[Data extracts — start]

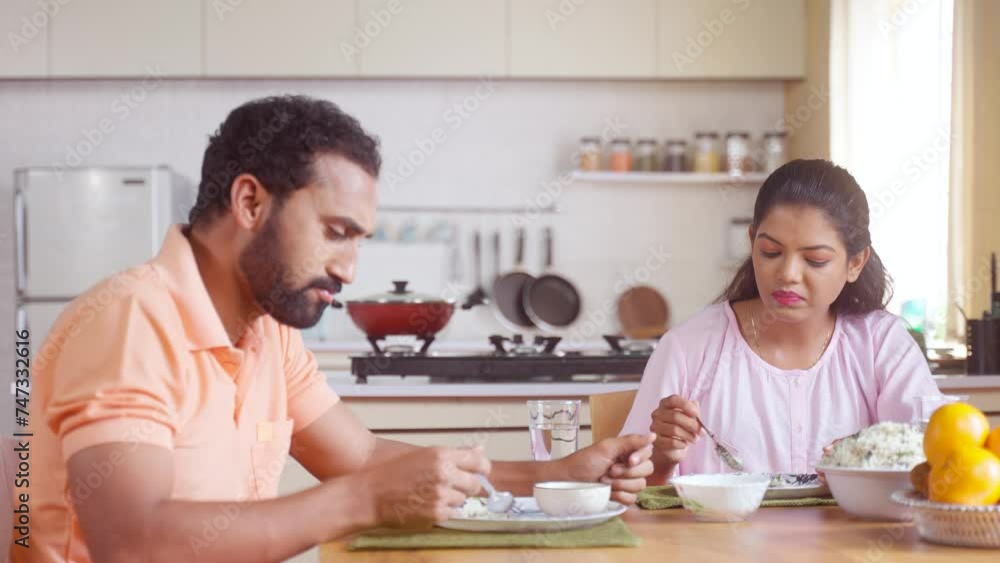 Joyful couples enjoying breakfast together at home on dining table - concept of healthy eating, family bonding and relaxation Joyful couples enjoying breakfast together at home on dining table - concept of healthy eating, family bonding and relaxation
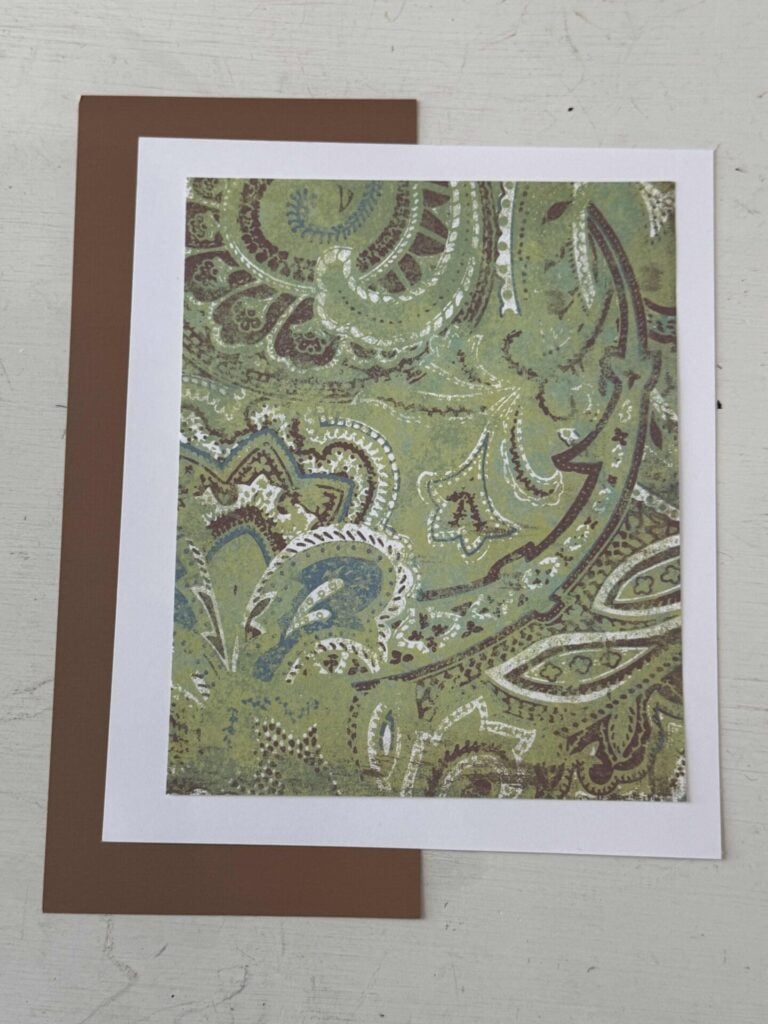 A piece of patterned cardstock laying on a piece of white cardstock and a piece of brown.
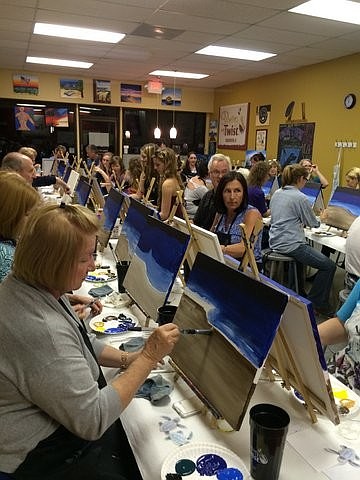 Longboat Key Turtle Watch. Longboat Key Turtle Watch held an event Jan. 14, at Painting with a Twist in Bradenton. Attendees painted scenes of a turtle moving toward the ocean at night. The club raised $600 from the event. Photos by Cyndi Seamon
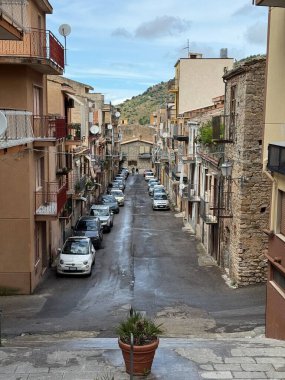 Collesano, a historic Sicilian mountain town in the Madonie Mountains, featuring narrow stone streets, traditional houses, and the Church of San Pietro, Sicily, Italy. Italian town in hills.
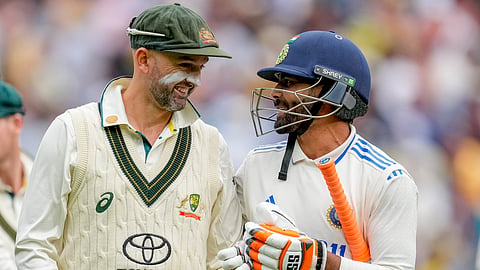 India's Ravindra Jadeja, right, talks to Australia's Nathan Lyon as they walk off the field on the end of play of the second day of the fourth cricket test between Australia and India.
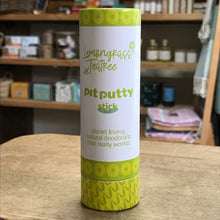 Load image into Gallery viewer, Green and white cylindrical container labeled 'pit putty stick' on a wooden surface.
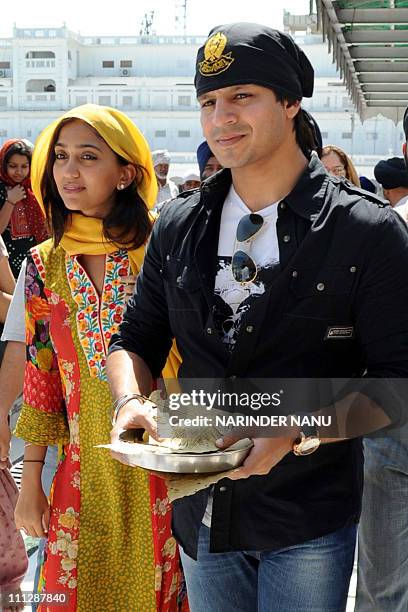 Indian Bollywood fim actor Vivek Oberoi and wife Priyanka pay their respects at the Golden temple Sikh shrine in Amritsar on March 31, 2011. AFP...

[Data extracts — finish]

(Task) Output the complete listing exactly as it appears, except for the images.

(Task solution)
 Joyful couples enjoying breakfast together at home on dining table - concept of healthy eating, family bonding and relaxation Joyful couples enjoying breakfast together at home on dining table - concept of healthy eating, family bonding and relaxation
 A piece of patterned cardstock laying on a piece of white cardstock and a piece of brown.
 Longboat Key Turtle Watch. Longboat Key Turtle Watch held an event Jan. 14, at Painting with a Twist in Bradenton. Attendees painted scenes of a turtle moving toward the ocean at night. The club raised $600 from the event. Photos by Cyndi Seamon
 Collesano, a historic Sicilian mountain town in the Madonie Mountains, featuring narrow stone streets, traditional houses, and the Church of San Pietro, Sicily, Italy. Italian town in hills.
 India's Ravindra Jadeja, right, talks to Australia's Nathan Lyon as they walk off the field on the end of play of the second day of the fourth cricket test between Australia and India.
 Load image into Gallery viewer, Green and white cylindrical container labeled 'pit putty stick' on a wooden surface.
 Indian Bollywood fim actor Vivek Oberoi and wife Priyanka pay their respects at the Golden temple Sikh shrine in Amritsar on March 31, 2011. AFP...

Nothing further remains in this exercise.